There are snippets of life on set and their past filmmaking experiences, including an on-set brawl between Cliff and Bruce Lee and Rick’s encounter with a wise-before-her-time child star. We’re given some wonderful flashbacks to films he’s auditioned for and starred in, including an alternative version of a 60’s classic and one where he tackles Nazis with a flame-thrower. Like the Machete trailer in the Grindhouse double-feature, part of me hopes that we could one day see the rest of the film, although I’m afraid Tarantino might just have shown us the ending.
Once Upon A Time… skips between the big story and the small and inconsequential in a familiar way if you’ve seen any of Tarantino’s previous 8 films. Rick and Cliff chew the fat when they’re driving in a way that has a very similar feel to the ‘royale with cheese’ conversation in Pulp Fiction and the bursts of violence at the ranch and in the climactic scenes yell Tarantino’s name. He clearly isn’t squeamish about subjecting younger, female characters to the same kind of nastiness we’ve more often seen his leading men dole out to each other. He might not be squeamish about it, but I found the dynamic of those fight scenes quite difficult to watch.
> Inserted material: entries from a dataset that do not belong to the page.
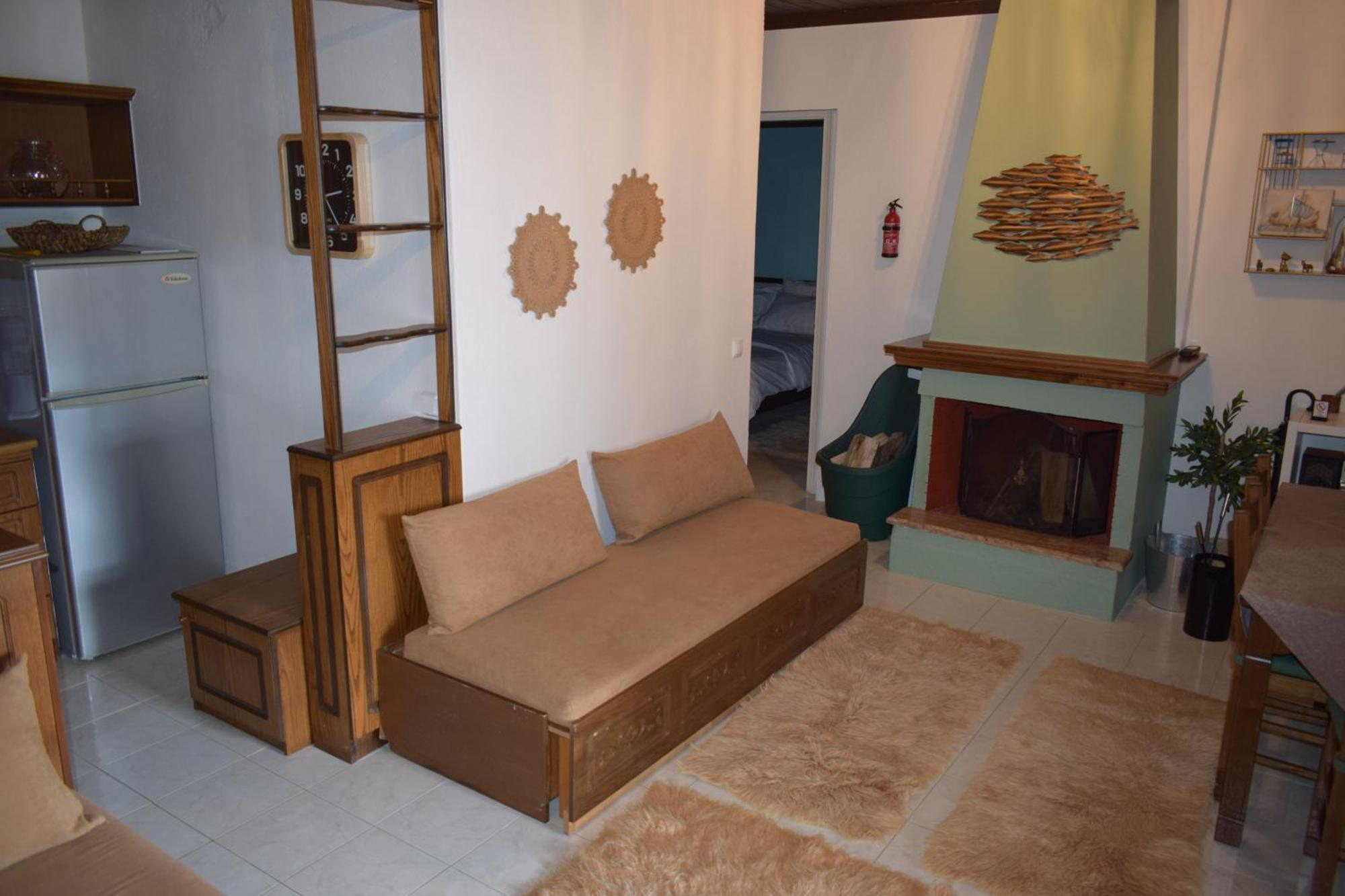 Alisaxni Seaside Studio Agios Ioannis  外观 照片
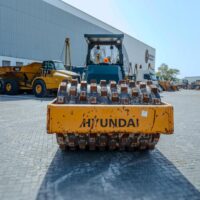 2016 HYUNDAI HR110C-9  Padfoot Drum Compactor - Image 3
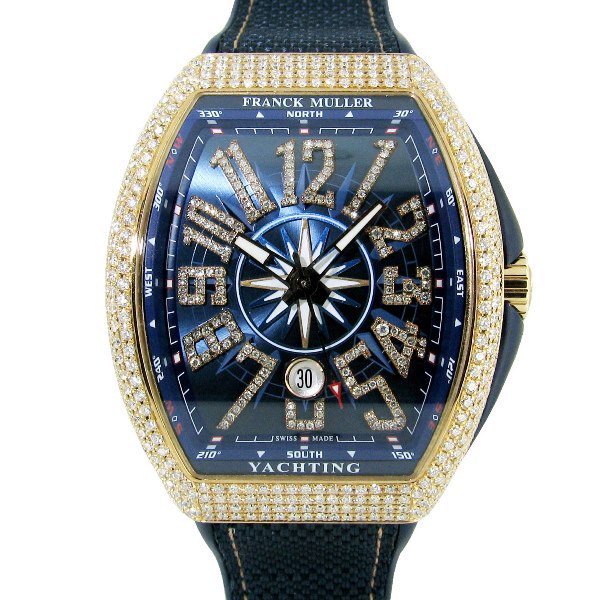 新品】FRANCK MULLER(フランクミュラー）ヴァンガード ヨッティング ...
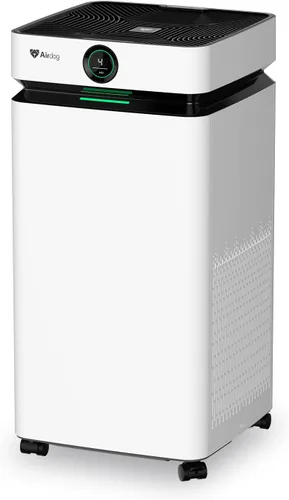 Airdog Purificador de aire X8 para habitaciones grandes de hasta 4035 pies cuadrados, filtración TPA hasta 20 veces más eficaz que el HEPA, elimina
If you don’t know what happened when the Manson family met Sharon Tate, you can probably ignore the departure from reality, but I’m torn about it being an alternative history when the real things that happened were so terrible. Injecting new characters on the edges of a real-life story is one thing, but then changing how that story plays out made me uneasy. I’ve read that it could be seen as a way of paying homage to Tate, a way of wishing away the truth, but I can’t help but wonder if that’s a bit of a self-indulgent fantasy on Tarantino’s part.
Hannah Bingle
At the last annual general meeting we were encouraged to comment on entries here. That was ages ago, but here’s a comment. First, I do read and appreciate the stuff on this site – thank you everyone! Thank you for this review in particular! For my part, I agree about the counter-factual stuff being a self-indulgent fantasy, but unlike you it doesn’t make me uneasy—cinema should be free to revel in self-indulgent fantasy in the name of entertainment!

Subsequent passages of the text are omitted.